Tales of Metamorphosis: Rebekah Goldstein, James Perkins, and Amy Nathan
Online Exhibition with 8-Bridges
June 3 - 30, 2021
“We tell ourselves stories in order to live.” – Joan Didion
CULT Aimee Friberg Exhibitions is pleased to share works by Rebekah Goldstein, James Perkins and Amy Nathan for the June edition of 4x8-Bridges. 8-Bridges is a Bay Area gallery coalition showcasing 8 works by 8 galleries each month, with support to a local non-profit arts institution each edition. This month we are proud to support California College of the Arts.
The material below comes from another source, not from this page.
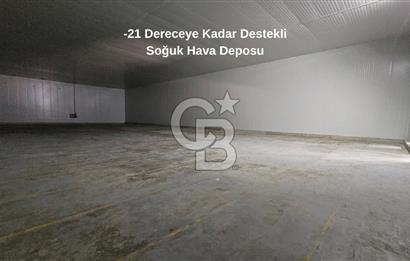 Salihli OSB'de KDV'li Kiralık İşleme Tesisi ve Soğuk Hava Deposu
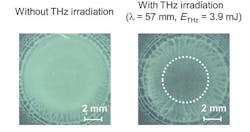 Terahertz laser beams increase the pattern of crystallization in certain polymer materials. Terahertz laser beams increase the pattern of crystallization in certain polymer materials.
At the intersection of Goldstein, Perkins and Nathan’s works is a desire to share stories about change. Each artist utilizes formal investigations as a way to share a narrative endowed from personal experience with a focus on transformation. Goldstein alludes to movements, memories and changes that took place in her body during pregnancy through the contours of her canvas, which escape the rectangular. While her paintings still retain a certain flatness, the unconventional shapes relate to the metaphorical journey of human-life, which is far from uniform.
Perspective and composition guide the narrative in Amy Nathan’s artworks, which reinterpret historical documents of ancient Greek and Roman mythologies to re-examine mythology from a feminist perspective. In these three drawings of photographs of ancient sculptures, Nathan considers how we acquire knowledge—the many filters, perspectives, and informed guesses that are part of any object’s narrative arc through time. By cropping source images to focus on certain details of warriors and goddesses, Nathan highlights the delicate moments, and the tools women use (literally and metaphorically) to hold themselves together. In the drawing, Athena wears Medusa, the goddess is portrayed wearing on her armor a brooch of Medusa. Medusa—whose head was used as a weapon in her own mythology— becomes a mediating talisman itself, an interface of public and private.
James Perkins creates paintings through performative installations that employ the elements and forces of nature to mark time on stretched silks and linens. Made on the beach in Fire Island, New York, Perkins’ work explores the beauty and experience of weathering the vicissitudes of life. The “post-totem structures” start outdoors in the language of sculpture and culminate as “nonsite” wall reliefs with marks made in collaboration with nature. He believes that we all navigate totems and their historical and contemporary values to paint an identity either closer to or further away from his idea of a neutral existence.